The integrity of the school and instructor's are what I am trying to find out about. I can't find much info for either instructor except that their own respective instructor was the same person or at least in their lineage. 

The school in Lauderhill is closest and to me the website alone appears more "professional" for lack of a better word. Hopefully I can find one that is a good fit. I just wanted to try and make sure I know what to look for and that I would be getting quality instruction.


----------



## Tensei85 (May 16, 2009)

Hey Emptyhand,

My thought on this is that Chi Sau depending on "style" is more of a wrist to wrist contact whereas forearm to forearm would be more of a Kiu Sau drill.

But then it depends on how you define Chi Sau as well, I wouldn't say that either is wrong given its only a word in the first place. So if the mechanics are correct and your developing attributes then its great!

Sometimes as Wing Chun guys we over think things and get into a habit of well my Sifu says type of thought process which is great for tradition sake but not very applicable. After all we base things on our own experiences, Sifu can't be there all the time. j/k

So to make a long story short and stop all my non-constructive jargon.

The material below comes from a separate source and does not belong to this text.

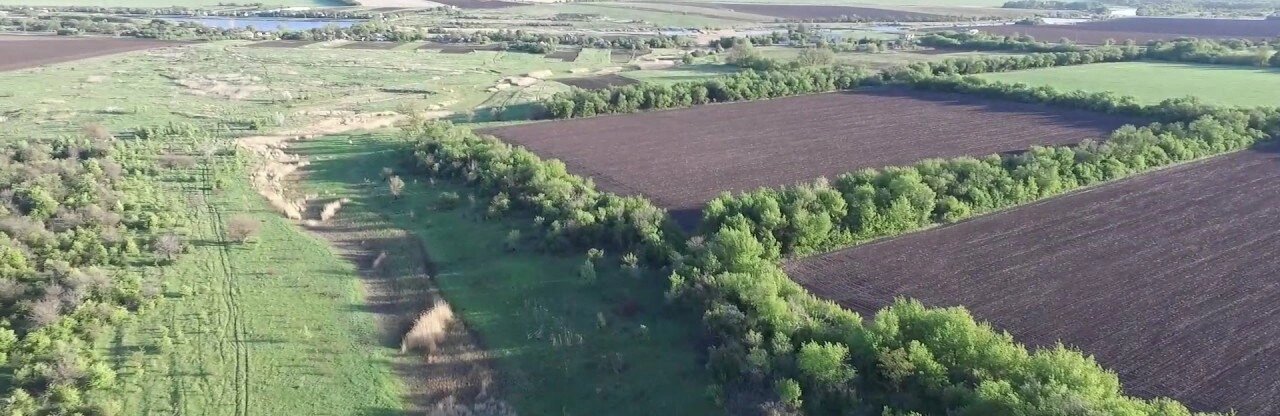 Екотеррорізм або реальна турбота про навколишнє середовище: чому почастішали випадки маніпуляції на темі екології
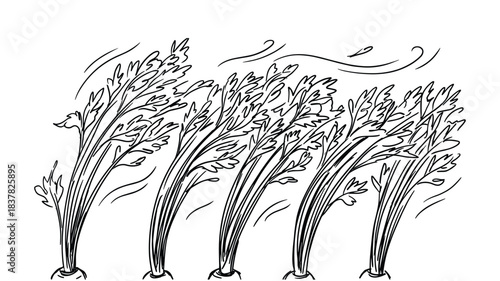 Weather conditions impacting agriculture, forceful breeze affecting green carrot tops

I would say if the Chi Sau develops proper Wing Chun concepts such as but not limited to Centerline awareness (control, etc...), relaxation, sensitivity, straight line theory, gate theory, forward energy, immovable elbow and various other concepts than its great. 

Hopefully this helps.


----------



## Free Life (Oct 9, 2009)

Hello all. I'm Also looking for a school in south florida. Emptyhand Wich one did you choose? If you have? If not wich of the two did you like more from the websites. I really want to start soon. Free Life


----------



## zepedawingchun (Oct 9, 2009)

Emptyhand said:


> With reference to the chi sau, I have seen people with their hands on peoples wrists trying to practice chi sau but on the majority of videos I have seen people with their forearm areas against forearm areas for feel? Is either way correct?


 
Wrist to wrist. Fook sau on tan and bong, wrist to wrist with fingers touching the forearm when fook is on tan sau. If I'm forearm to forearm, you're about to get hit!


----------